ASSIGNMENT: Write out again, unchanged, the line that has "Building Photo - Remodelled" and each following line through the end of the entries below; leave pictures out.
[PROVIDED DATA]
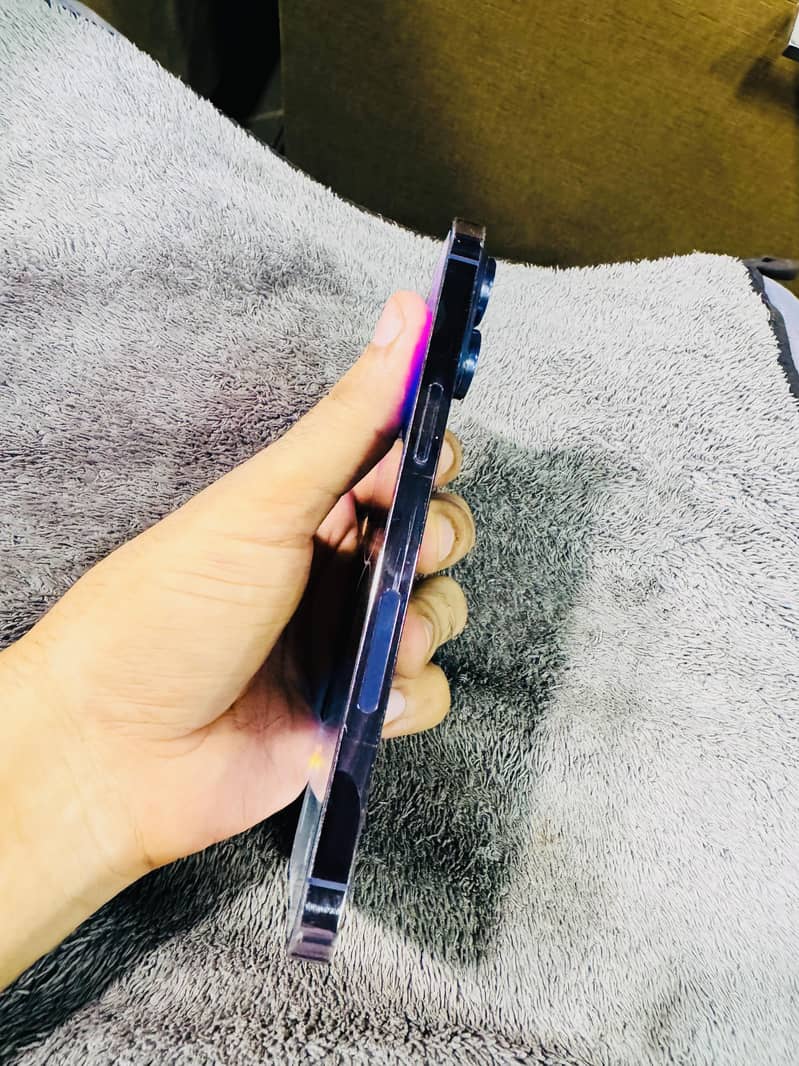 Apple iPhone 14 Pro Max 3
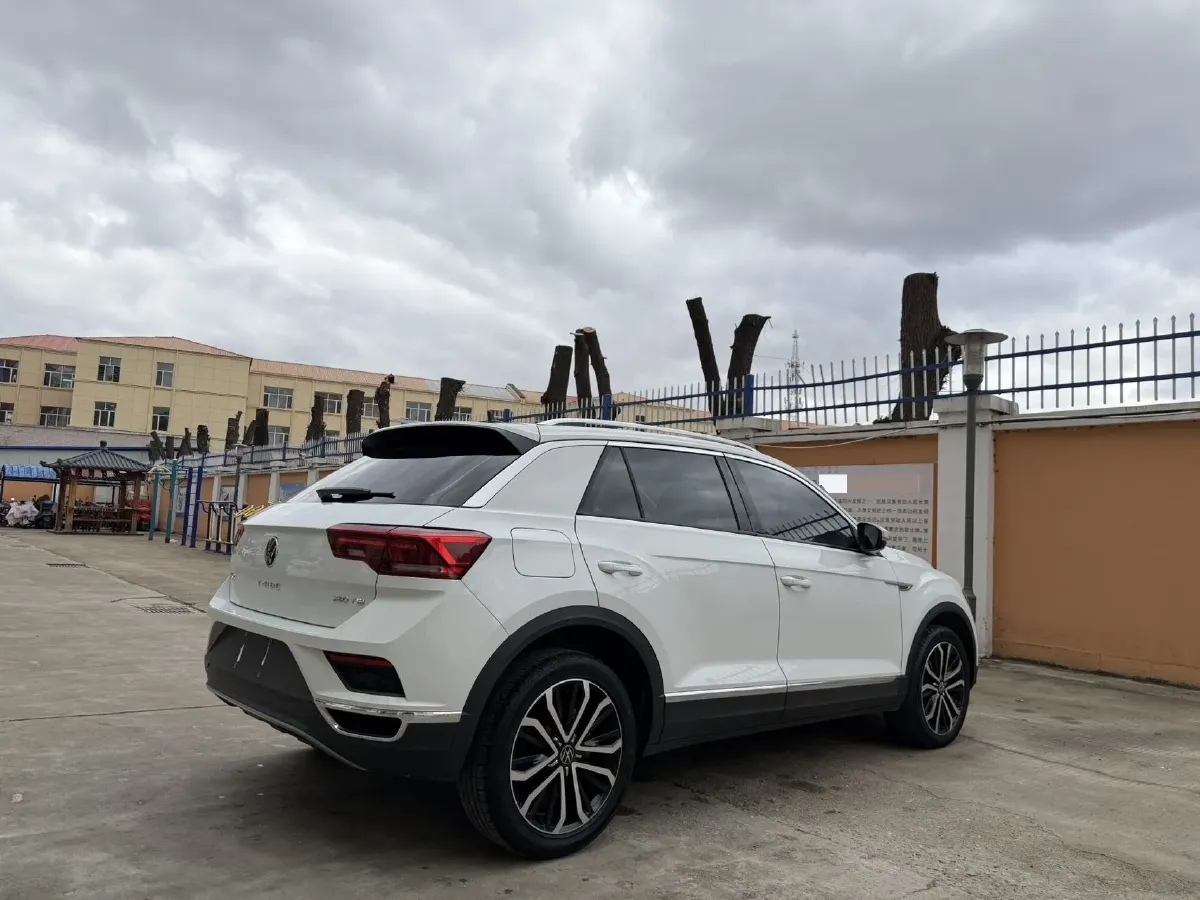 2022 Volkswagen T-Roc 1.4T 150HP L4 7DCT,autocango,china used car exporter,china ev exporter,chinese used car exporter,chinese used ev exporter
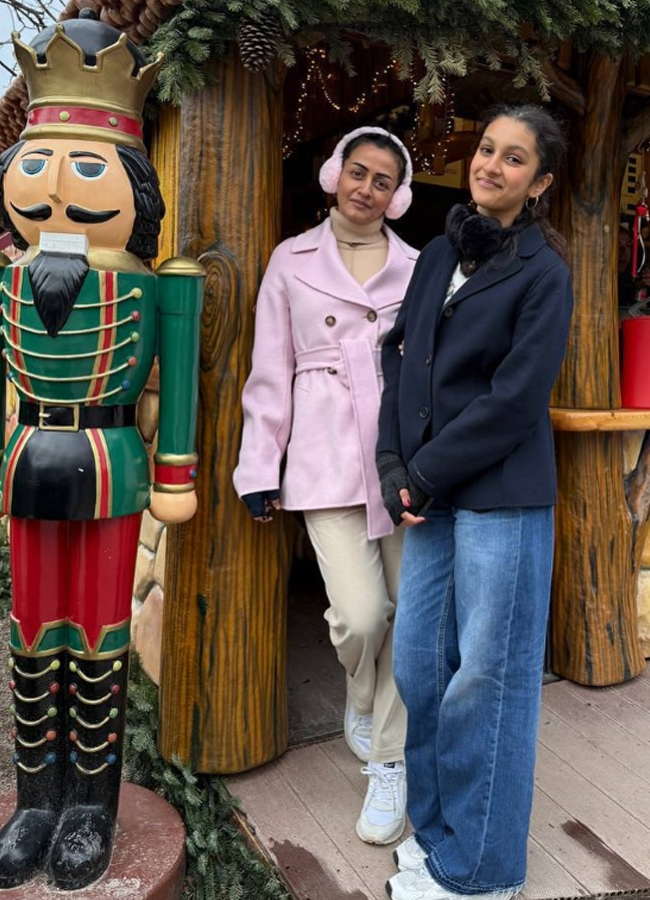 Namrata Shirodkar Rome Tour Along With Family9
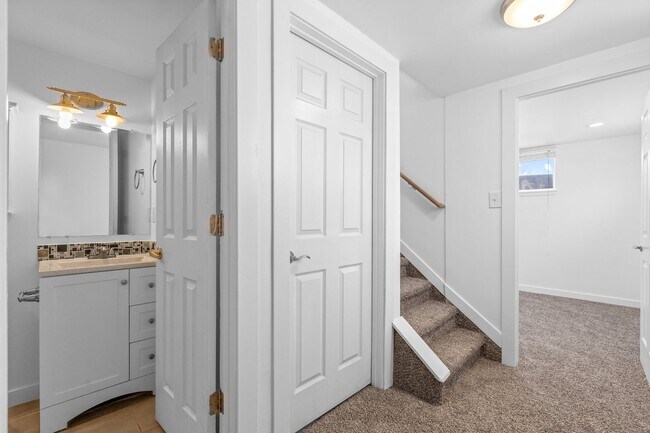 Building Photo - Remodelled Home In Large Backyard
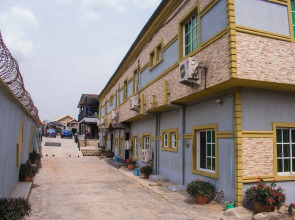 Adesuwa Royal Guest House Ketu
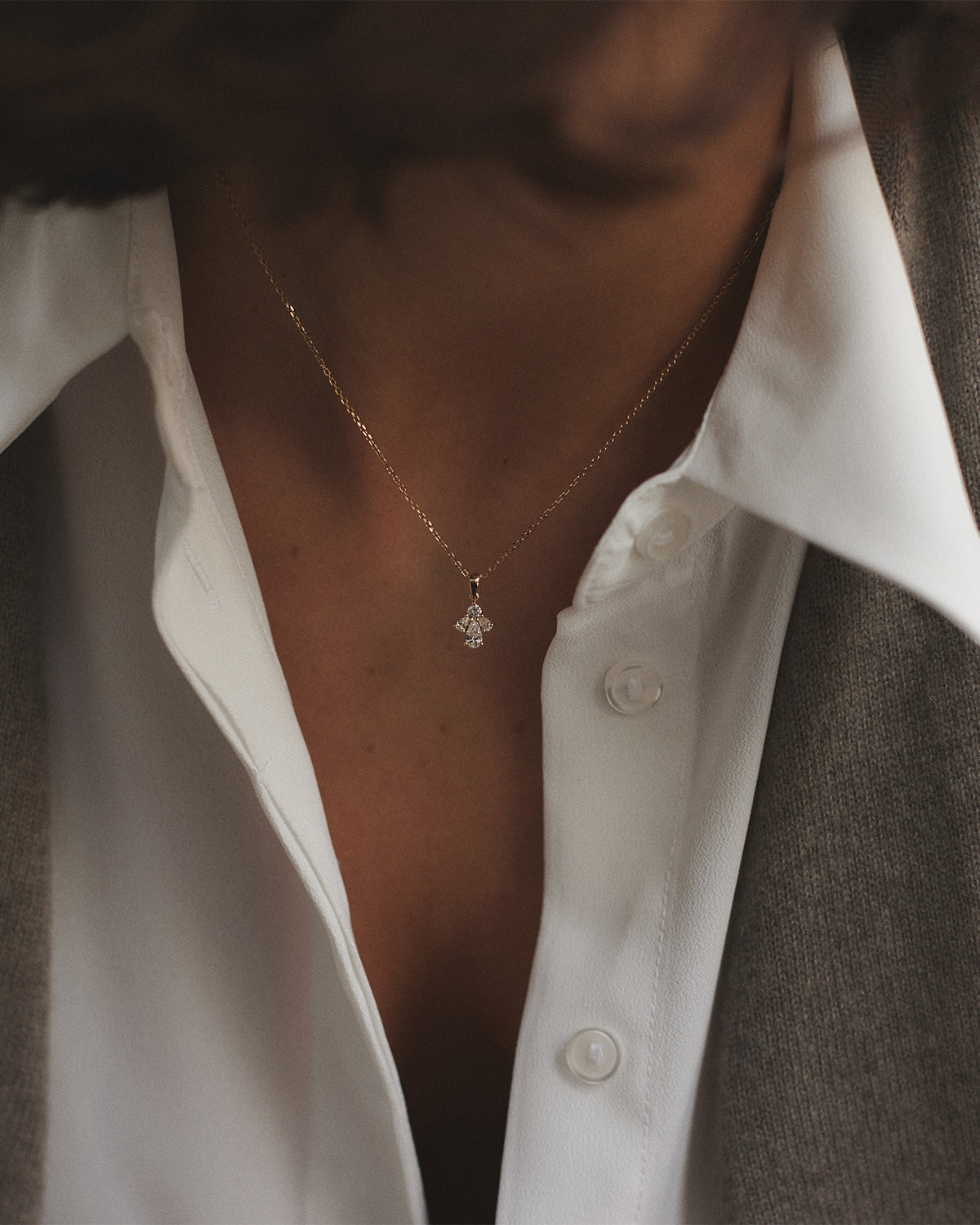 Pear Shaped Diamonds Necklace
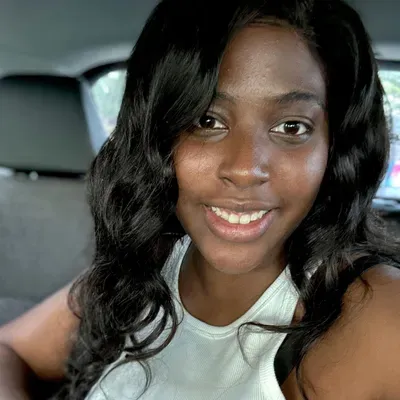 Hostess Nyasia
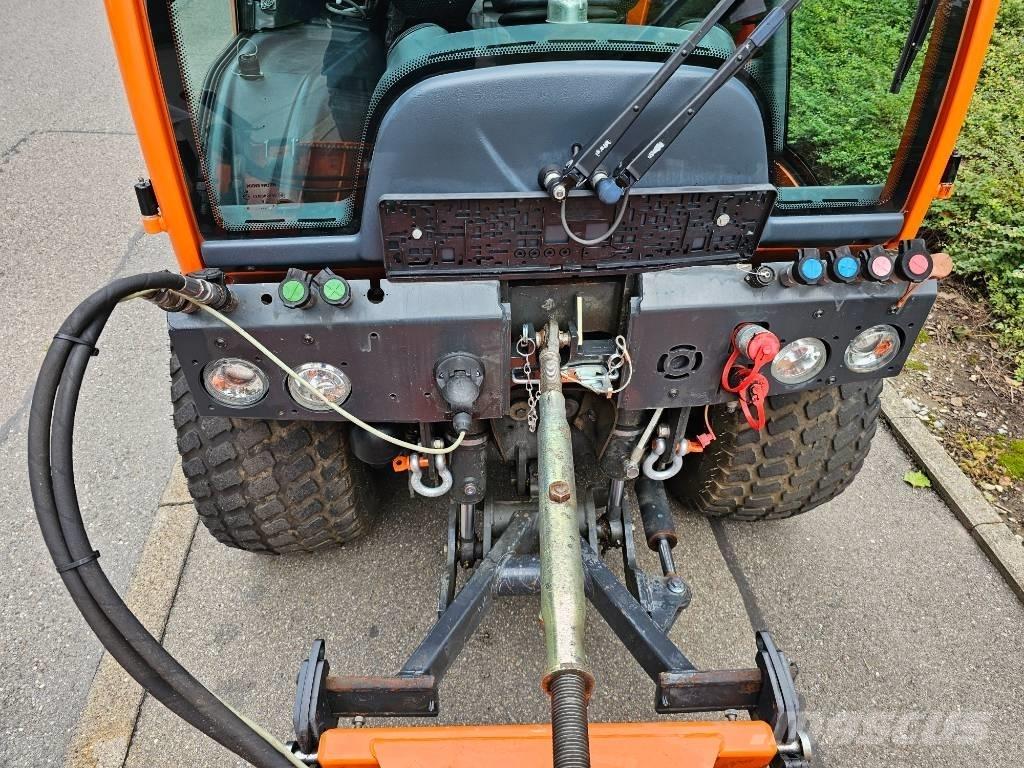 Holder C270 Komunālā tehnika instrumentu pārvadāšanai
[/PROVIDED DATA]
OUTPUT FOR THIS EXERCISE:
 Building Photo - Remodelled Home In Large Backyard
 Adesuwa Royal Guest House Ketu
 Pear Shaped Diamonds Necklace
 Hostess Nyasia
 Holder C270 Komunālā tehnika instrumentu pārvadāšanai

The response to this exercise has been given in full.